» What to do
From the entries below, reproduce exactly the line containing "Modern kitchen design", the line containing "Tops Classic Boyfriend Sweatshirt Sage Green", and every line in between, with nothing added.

» Data for this task
++++
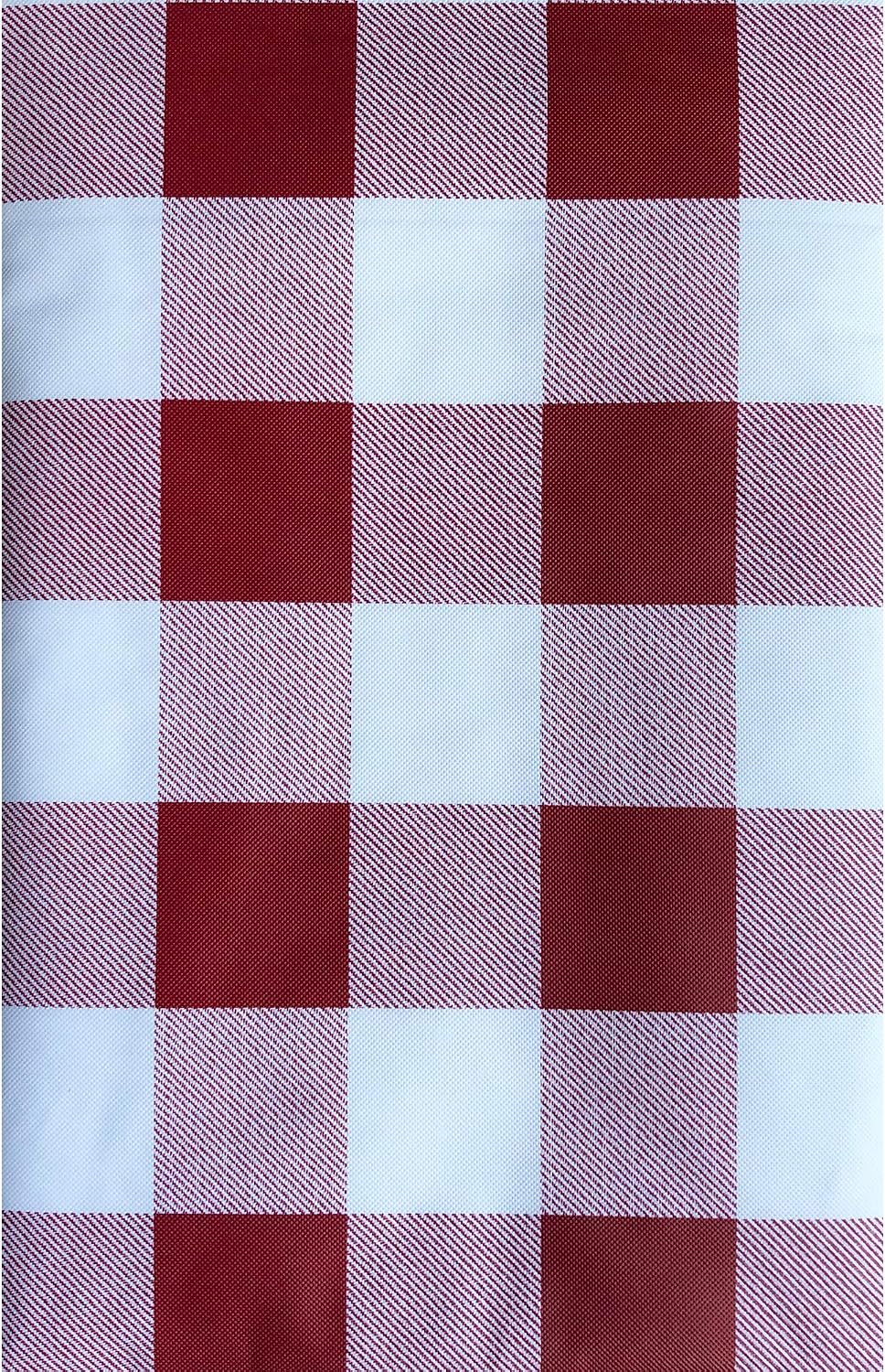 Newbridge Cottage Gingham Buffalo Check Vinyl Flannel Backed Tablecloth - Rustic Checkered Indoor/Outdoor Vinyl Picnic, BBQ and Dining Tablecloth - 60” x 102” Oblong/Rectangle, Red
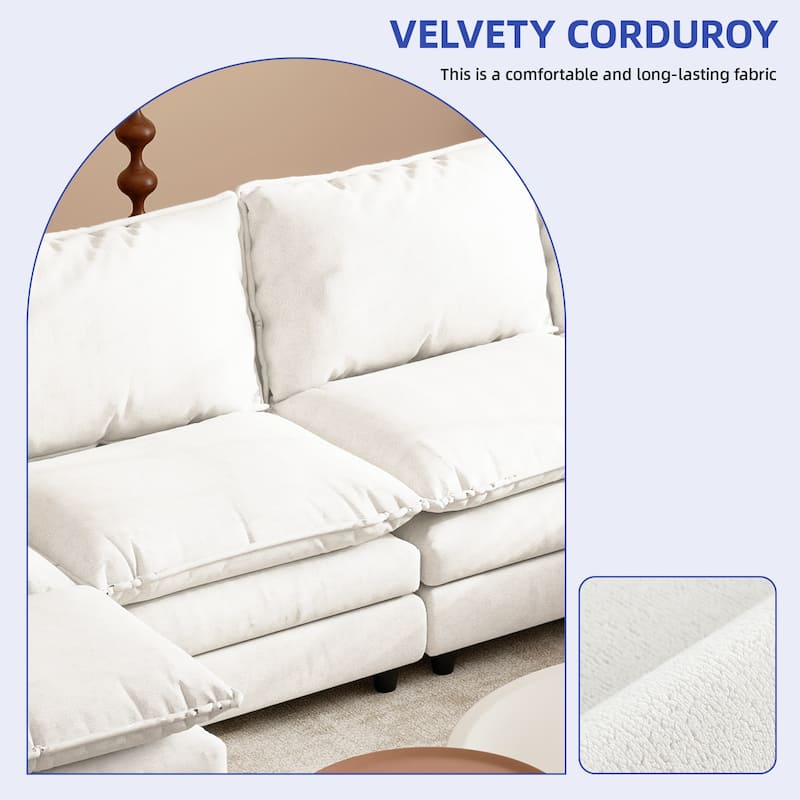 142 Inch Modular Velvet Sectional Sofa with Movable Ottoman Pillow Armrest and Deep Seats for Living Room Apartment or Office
++++
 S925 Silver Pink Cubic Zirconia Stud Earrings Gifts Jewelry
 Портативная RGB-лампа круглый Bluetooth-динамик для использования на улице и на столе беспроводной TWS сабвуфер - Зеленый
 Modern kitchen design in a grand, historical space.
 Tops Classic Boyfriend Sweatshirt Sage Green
++++
» Response
 Modern kitchen design in a grand, historical space.
 Tops Classic Boyfriend Sweatshirt Sage Green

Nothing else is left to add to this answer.